Africa's largest reserve established in Niger
12th March 2012
The Niger government has formally created the Termit and Tin Toumma National Nature and Cultural Reserve in the Sahara Desert
Niger's new nature and cultural reserve is 100,000km² large, approximately the size of Hungary and twice the area of Costa Rica. The Sahara Conservation Fund (SCF) reported the formal establishment of the Termit and Tin Toumma National Nature and Cultural Reserve on 6 March.
The inclusion of both 'natural' and 'cultural' within its title highlights the fundamental important of implementing a strategy of coexistence, whereby a sustainable relationship between people and ecology is formed.

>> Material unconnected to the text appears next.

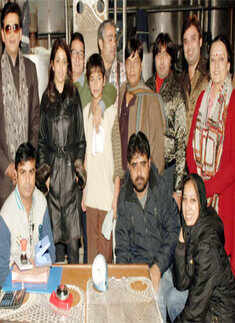 Bhajathe Raho: On The Sets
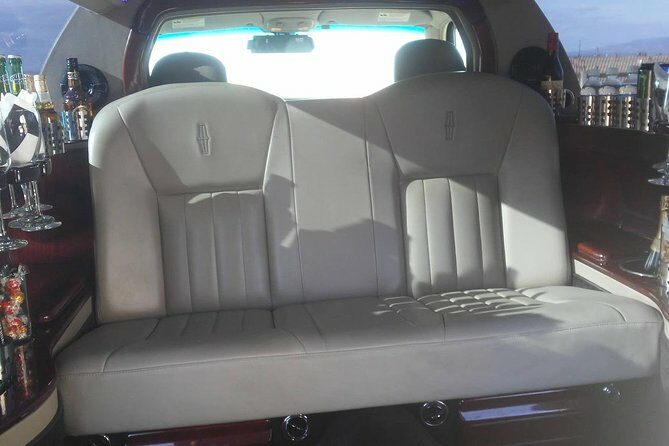4-Hour private limo Tour of Los Angeles by a TV personality with Free Drinks - An Insider Look at the 4-Hour Private Limo Tour of Los Angeles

The SCF underlined this in a statement calling the reserve: "a vast new protected area whose management will benefit both wildlife and local nomadic people through improved habitat use and the development among others of appropriate ecotourism."
Due to the vastness of protected area, the national park contains a great number of habitats including mountains, grassy plains and open deserts.
The reserve contains three species Red Listed by the International Union for Conservation of Nature as Critically Endangered: the addax, considered the world's most imperilled antelope; the dama gazelle; and the elusive Saharan cheetah, a subspecies of the cheetah family with only 250 animals left in the wild.
A number of stakeholders have been involved in the establishment of Tin Toumma National Nature and Cultural Reserve, including local pastoralists. Some sheep and cattle farmers see the new establishment as a way to preserve their way of life as well as the natural resources on which they depend on.
According to the SCF, threats to the region's wildlife are poaching and future development of the oil sector.